NIH also awarded $232,500 in 2015 and $193,750 in 2016 to the University of California, San Diego to develop an interactive and tailored text-messages system to encourage Latino men to exercise.

“Mexican American (MA) men report particularly low rates of physical activity (PA) and are disproportionately burdened by conditions related to sedentary lifestyle (e.g., diabetes, obesity),” the grant description in the NIH database reads. “Due to cultural, SES, educational, and language differences, MA men may have limited access to public health interventions promoting PA.”

For NIH, any kind of disparity could end up justifying more tax dollars in racially-tailored research. The same goes for LGBT issues.

NIH spent $432,000 on a study of Grindr, an app for gay men to find romantic and sexual encounters in 2012 and 2013.

The study pledged to “investigate the process by which MSM use smartphone applications to find sexual partners (i.e., who they look for, how they present themselves, how they communicate, extent of safer sex negotiation, and disclosure)” as well as “investigate the sexual and emotional states (e.g., more/less urgency, arousal, impulsivity)” the men experience when using the apps to see how if affects sexually risky behavior.

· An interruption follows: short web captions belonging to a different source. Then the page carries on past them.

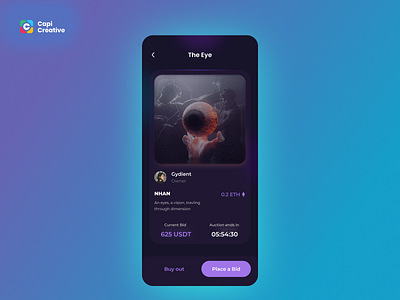 NFT UI Concept by Capi Creative on Dribbble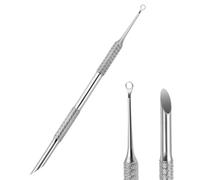 Aiyraa Cuticle Pusher - 2-in-1 Professional Cuticle Pusher Tool, Ideal for Lifts and Removes Cuticles, Staleks Pro Quality Substitute, Expert 51/2 Design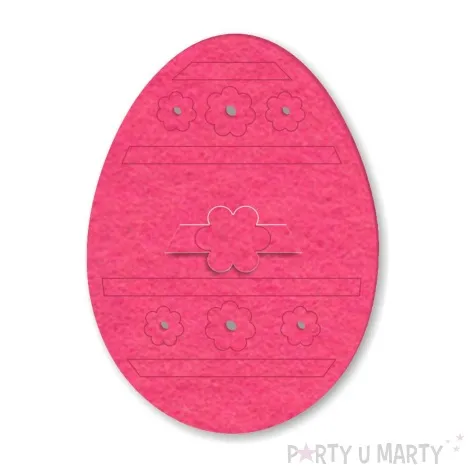 etui na sztucce wielkanocne pisanki z kwiatkami rozowy 2 szt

That kind of research has continued, including a 2023 grant awarding $614,775 to study an “HIV prevention intervention into a widely-used geosocial app for Chinese [men who have sex with men].” The funds would be used to prevent the spread of HIV in China via outreach through a romantic hookup app “to help individuals understand when they should be using certain prevention services, and to make accessing services less burdensome.”

These are just a few of many more examples.

“We all have a responsibility to correct systemic racism and inequities,” NIH says on its website.

The researchers tout the public health benefits of their research. Dr. Alexander Tsai, an associate professor at Harvard University, is conducting the aforementioned sleep research through Massachusetts General Hospital, where he works as a psychiatrist.

Tsai has touted the program to The Center Square, saying “the study seems neither unsubstantiated nor grounded in racial ideology.”

“And, given the public health significance, it falls well within the purview of the U.S. National Institutes of Health, so neither would it be a poor use of taxpayer dollars,” he added.